**What is required:** From the first line of the material below to the line containing "KIT TECLADO E", repeat every line exactly and add nothing.

**Information provided:**
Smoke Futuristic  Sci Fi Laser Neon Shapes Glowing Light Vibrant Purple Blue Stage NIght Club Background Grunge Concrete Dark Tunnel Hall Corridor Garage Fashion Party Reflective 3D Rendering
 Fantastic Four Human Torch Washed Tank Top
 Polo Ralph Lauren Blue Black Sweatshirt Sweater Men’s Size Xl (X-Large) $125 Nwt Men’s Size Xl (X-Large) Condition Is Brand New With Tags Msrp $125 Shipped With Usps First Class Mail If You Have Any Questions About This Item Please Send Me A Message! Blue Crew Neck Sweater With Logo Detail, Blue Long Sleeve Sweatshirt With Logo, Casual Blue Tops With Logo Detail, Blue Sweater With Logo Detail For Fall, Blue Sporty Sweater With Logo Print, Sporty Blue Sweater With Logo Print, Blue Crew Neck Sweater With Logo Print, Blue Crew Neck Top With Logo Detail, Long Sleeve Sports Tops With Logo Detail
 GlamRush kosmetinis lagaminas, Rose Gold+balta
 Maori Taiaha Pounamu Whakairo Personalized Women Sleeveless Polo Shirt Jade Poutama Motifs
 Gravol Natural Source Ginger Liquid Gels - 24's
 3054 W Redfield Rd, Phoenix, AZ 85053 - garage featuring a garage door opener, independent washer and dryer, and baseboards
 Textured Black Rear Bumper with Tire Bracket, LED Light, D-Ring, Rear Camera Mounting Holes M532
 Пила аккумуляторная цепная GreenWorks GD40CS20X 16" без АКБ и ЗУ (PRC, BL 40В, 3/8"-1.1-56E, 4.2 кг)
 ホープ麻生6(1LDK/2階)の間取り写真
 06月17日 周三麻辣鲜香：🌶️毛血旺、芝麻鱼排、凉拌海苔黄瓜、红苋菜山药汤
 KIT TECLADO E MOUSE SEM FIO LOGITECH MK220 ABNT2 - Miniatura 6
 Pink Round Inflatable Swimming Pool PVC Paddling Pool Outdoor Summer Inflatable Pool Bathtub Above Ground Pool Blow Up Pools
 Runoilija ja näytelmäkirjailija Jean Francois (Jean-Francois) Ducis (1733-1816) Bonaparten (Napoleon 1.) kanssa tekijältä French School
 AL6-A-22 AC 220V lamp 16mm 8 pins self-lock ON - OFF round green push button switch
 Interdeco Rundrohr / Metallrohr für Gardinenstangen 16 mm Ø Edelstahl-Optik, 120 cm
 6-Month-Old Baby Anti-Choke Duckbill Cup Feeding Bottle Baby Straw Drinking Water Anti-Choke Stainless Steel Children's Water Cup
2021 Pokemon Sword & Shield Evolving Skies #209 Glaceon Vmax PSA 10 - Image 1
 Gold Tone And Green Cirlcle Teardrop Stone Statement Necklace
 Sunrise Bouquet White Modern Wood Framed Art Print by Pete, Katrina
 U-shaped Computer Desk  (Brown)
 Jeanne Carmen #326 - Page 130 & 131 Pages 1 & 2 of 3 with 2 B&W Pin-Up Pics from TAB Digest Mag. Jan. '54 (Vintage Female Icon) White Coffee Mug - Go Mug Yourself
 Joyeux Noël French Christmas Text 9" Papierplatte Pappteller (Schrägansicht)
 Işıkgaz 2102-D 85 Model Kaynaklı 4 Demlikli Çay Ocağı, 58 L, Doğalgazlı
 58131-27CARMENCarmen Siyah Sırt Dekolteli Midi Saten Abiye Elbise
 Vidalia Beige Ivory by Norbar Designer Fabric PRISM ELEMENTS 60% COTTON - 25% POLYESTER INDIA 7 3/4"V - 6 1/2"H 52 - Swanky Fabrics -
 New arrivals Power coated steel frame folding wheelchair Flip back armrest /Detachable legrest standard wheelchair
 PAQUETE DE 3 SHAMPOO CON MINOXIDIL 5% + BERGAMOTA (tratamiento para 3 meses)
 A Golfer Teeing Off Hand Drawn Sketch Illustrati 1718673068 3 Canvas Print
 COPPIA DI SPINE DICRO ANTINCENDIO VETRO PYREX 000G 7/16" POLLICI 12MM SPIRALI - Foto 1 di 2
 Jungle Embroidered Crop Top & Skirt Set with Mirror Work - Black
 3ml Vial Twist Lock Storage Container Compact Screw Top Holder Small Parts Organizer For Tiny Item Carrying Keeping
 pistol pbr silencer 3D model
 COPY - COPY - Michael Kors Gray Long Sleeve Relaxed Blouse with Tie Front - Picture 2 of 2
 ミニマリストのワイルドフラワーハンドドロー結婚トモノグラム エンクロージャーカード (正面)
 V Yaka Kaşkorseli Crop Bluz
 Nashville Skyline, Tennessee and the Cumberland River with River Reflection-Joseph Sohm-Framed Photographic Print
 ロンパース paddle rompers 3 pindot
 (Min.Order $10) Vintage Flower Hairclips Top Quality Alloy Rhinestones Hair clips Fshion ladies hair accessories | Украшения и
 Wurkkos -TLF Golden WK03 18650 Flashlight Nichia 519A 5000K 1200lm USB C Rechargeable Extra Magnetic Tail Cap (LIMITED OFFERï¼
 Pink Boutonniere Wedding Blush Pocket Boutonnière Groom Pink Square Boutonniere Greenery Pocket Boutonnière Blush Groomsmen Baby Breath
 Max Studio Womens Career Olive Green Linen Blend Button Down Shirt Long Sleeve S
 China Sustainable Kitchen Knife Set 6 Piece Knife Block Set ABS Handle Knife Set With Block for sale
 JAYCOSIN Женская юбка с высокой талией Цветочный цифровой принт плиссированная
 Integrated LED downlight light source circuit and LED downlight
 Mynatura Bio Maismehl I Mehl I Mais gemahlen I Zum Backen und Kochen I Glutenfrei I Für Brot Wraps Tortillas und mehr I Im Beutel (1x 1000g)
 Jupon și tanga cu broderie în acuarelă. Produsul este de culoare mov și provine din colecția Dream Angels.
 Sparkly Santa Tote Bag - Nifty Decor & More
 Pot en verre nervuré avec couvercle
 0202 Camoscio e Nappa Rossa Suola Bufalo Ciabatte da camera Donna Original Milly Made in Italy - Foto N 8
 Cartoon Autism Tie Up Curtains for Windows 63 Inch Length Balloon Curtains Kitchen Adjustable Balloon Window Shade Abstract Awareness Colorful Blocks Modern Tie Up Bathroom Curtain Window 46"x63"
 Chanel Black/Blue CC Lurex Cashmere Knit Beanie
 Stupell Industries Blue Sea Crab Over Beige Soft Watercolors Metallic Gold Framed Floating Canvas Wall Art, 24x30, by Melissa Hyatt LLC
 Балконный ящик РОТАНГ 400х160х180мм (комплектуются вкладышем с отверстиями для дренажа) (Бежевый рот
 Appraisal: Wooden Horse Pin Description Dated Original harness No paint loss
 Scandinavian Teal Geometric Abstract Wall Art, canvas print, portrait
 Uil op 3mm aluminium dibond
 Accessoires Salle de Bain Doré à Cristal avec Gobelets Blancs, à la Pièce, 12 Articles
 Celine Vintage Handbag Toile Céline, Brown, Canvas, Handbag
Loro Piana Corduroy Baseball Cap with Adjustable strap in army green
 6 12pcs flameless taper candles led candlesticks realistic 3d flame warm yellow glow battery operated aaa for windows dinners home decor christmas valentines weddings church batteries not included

**Result of the task:**
Smoke Futuristic  Sci Fi Laser Neon Shapes Glowing Light Vibrant Purple Blue Stage NIght Club Background Grunge Concrete Dark Tunnel Hall Corridor Garage Fashion Party Reflective 3D Rendering
 Fantastic Four Human Torch Washed Tank Top
 Polo Ralph Lauren Blue Black Sweatshirt Sweater Men’s Size Xl (X-Large) $125 Nwt Men’s Size Xl (X-Large) Condition Is Brand New With Tags Msrp $125 Shipped With Usps First Class Mail If You Have Any Questions About This Item Please Send Me A Message! Blue Crew Neck Sweater With Logo Detail, Blue Long Sleeve Sweatshirt With Logo, Casual Blue Tops With Logo Detail, Blue Sweater With Logo Detail For Fall, Blue Sporty Sweater With Logo Print, Sporty Blue Sweater With Logo Print, Blue Crew Neck Sweater With Logo Print, Blue Crew Neck Top With Logo Detail, Long Sleeve Sports Tops With Logo Detail
 GlamRush kosmetinis lagaminas, Rose Gold+balta
 Maori Taiaha Pounamu Whakairo Personalized Women Sleeveless Polo Shirt Jade Poutama Motifs
 Gravol Natural Source Ginger Liquid Gels - 24's
 3054 W Redfield Rd, Phoenix, AZ 85053 - garage featuring a garage door opener, independent washer and dryer, and baseboards
 Textured Black Rear Bumper with Tire Bracket, LED Light, D-Ring, Rear Camera Mounting Holes M532
 Пила аккумуляторная цепная GreenWorks GD40CS20X 16" без АКБ и ЗУ (PRC, BL 40В, 3/8"-1.1-56E, 4.2 кг)
 ホープ麻生6(1LDK/2階)の間取り写真
 06月17日 周三麻辣鲜香：🌶️毛血旺、芝麻鱼排、凉拌海苔黄瓜、红苋菜山药汤
 KIT TECLADO E MOUSE SEM FIO LOGITECH MK220 ABNT2 - Miniatura 6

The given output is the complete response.